While Repsol could receive something in return for its expropriated stake in YPF, it would still be far below the $10.5bn it requested.

Still, Repsol’s losses would be relatively small when compared with past instances of expropriation in Argentina, sad Steve Hanke, an applied economist at Johns Hopkins University in Baltimore, Maryland. In the 1990s, he was president of Toronto Trust Argentina in Buenos Aires.

Hanke pointed to the country’s massive default and the collapse of the peso in the early 2000s. During the currency’s collapse, the government broke the peso’s mandated peg to the US dollar.

“They really have a serial disrespect for property rights and contracts,” he said.

But even without the threat of expropriation, a great deal of risk persists in Argentina for those companies wishing to develop the country’s substantial shale gas reserves, estimated as the second largest in the world.

Foreign investors could face high taxes or labour unrest, Hanke said.

Argentina has adopted currency controls, which make it difficult for foreign companies to convert pesos to dollars, he said.

“You might be making good pesos, but you can’t convert them,” he said.

This could be troubling if the Argentine peso loses value as it did earlier this year, when it fell 12% in two days.

Meanwhile, Argentine inflation remains high, which makes shale gas operations expensive. Moreover, companies face numerous impediments to importing the equipment necessary for production.

Nonetheless, the deal with Repsol is a step in the right direction, since it helps reduce the risk in investing in the country, said Mark Jones, Joseph D Jamail Chair in Latin American Studies at Rice University in Houston. 

As long as the Repsol remained a pending issue, Argentina would have a difficult time attracting foreign investment, he said.

And if the country can attract foreign investment, then it could avoid making cuts in public spending, Jones said. Not only would those cuts be unpopular, they could also push the country into recession.

Jones sees the Repsol agreement as part of a broader strategy of making Argentina more attractive to foreign investors.

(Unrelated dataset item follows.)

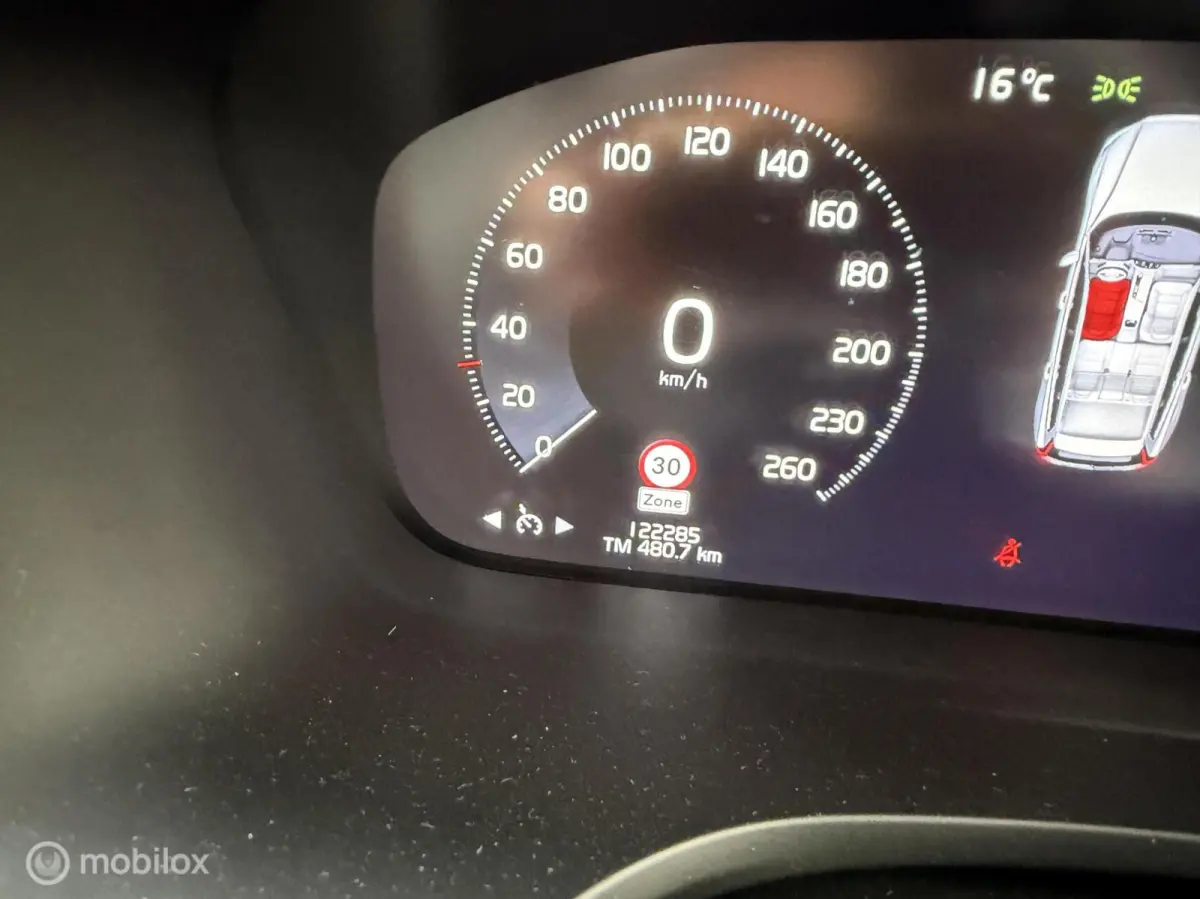 2.0 T6 Recharge AWD R-Design PANO/BTW/LEER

Those eager to get an early foothold in Argentina may be willing to invest now and bet that a more investor-friendly administration gains power, he said.

While such investors could be taking on a good deal of risk, Jones added, “Entrepreneurs make money by taking risk.”

For now, Argentina is in a difficult position. The country needs to develop its domestic energy reserves so that it can reduce imports.

These imports are one of the reasons behind Argentina’s dwindling trade surplus, which fell to $9.0bn in 2013, down more than 27% from $12.4bn in 2012, according to INDEC, the country’s statistical institute.

Imports have also put increasing strain on the country’s financial health, since it buys imported natural gas in dollars and sells it at subsidised rates.

Meanwhile, the country’s petrochemical industry suffers from natural gas cutbacks every winter, as the government diverts the fuel to home owners.